A trending topic that seems to be on the radar of every business owner and executive around the world is leadership development, or so they say.
Pause for my eye roll.
If this were truly the case, companies wouldn’t be failing as horribly as they are at developing emerging leaders.
Now, I’m sure the majority of the people who read this are in agreement. For those of you who aren’t, instead of telling you that this problem exists and not explaining how I’ve come to this conclusion, let me break it down for you.
Business owners and executives know that they need to invest in developing people who have the potential to lead, manage, and supervise teams. After all, businesses are made up of people and people are the number one reason why businesses succeed or fail. Whether a business of 5 or 5,000, someone has to be in charge. Someone has to be the person to select, direct, motivate, and develop.
It’s ultimately the development of these select few that leads to success. Holy cow, pull up any article from a credible source on this topic and you will be inundated with statistics that prove that the teams with great leadership have a distinct advantage over the teams who have poor to mediocre leadership.
Business owners and executives also realize that work is a means to an end. Everyone does, for that matter. Side note – I feel like this idea always comes with a negative connotation, and that could not be more misunderstood or further from the truth. It’s fact. People don’t work forever. And they certainly can’t live forever. So in order to perpetuate success, the development of future leaders is absolutely imperative.
The fact of the matter is that we’ve lost our way. Somewhere in this leadership development discussion confusion has set in. Reflecting on recent conversations I’ve had with current business owners and executives, there’s one blatantly obvious reason that stands out to me: the blurred line between development and training.
Training does NOT equal development.
Training is transactional. And while it can lead to development, training and development are two separate entities.
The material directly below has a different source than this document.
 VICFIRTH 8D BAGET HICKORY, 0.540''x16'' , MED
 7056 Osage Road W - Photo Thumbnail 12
Let’s make this a real-world example for a moment. It may be easier to understand. Take the gym, for instance. People hire a personal trainer to put them through training sessions. They attend these training sessions religiously but don’t see the results they initially set out to achieve. Why? Because the human element comes into play.
It is possible that a variety of a combination of things happen. For example, you are not eating right, you are not sleeping enough, you are drinking too much, etc. The human element is exactly why trainers and dietitians tell you to keep a journal and write down EXACTLY what you eat and drink and when. It’s ultimately a lifestyle change.
My point is that training is a waste of time unless you are committed to all aspects of the development. The training session AND the outside-of-the-gym changes.
Development is linked to an outcome. One can read books, take classes, attend seminars, but unless the goal is linked to a specific outcome, these things are just training exercises. The problem with this is when these people are thrown into the real world and actions and decisions actually count, they are not prepared to execute.
There is a direct reflection between all of these “leadership programs” and the lack of leadership in today’s workplace. It’s not working! Adapting, making tough decisions, leading through chaos, and dealing with adversity – these are the issues leaders face. These skills are not genetic! They have to be developed and cultivated!
Quit the talking and stop the quick fixes. Leadership is about what happens after the perfect plan is drawn up.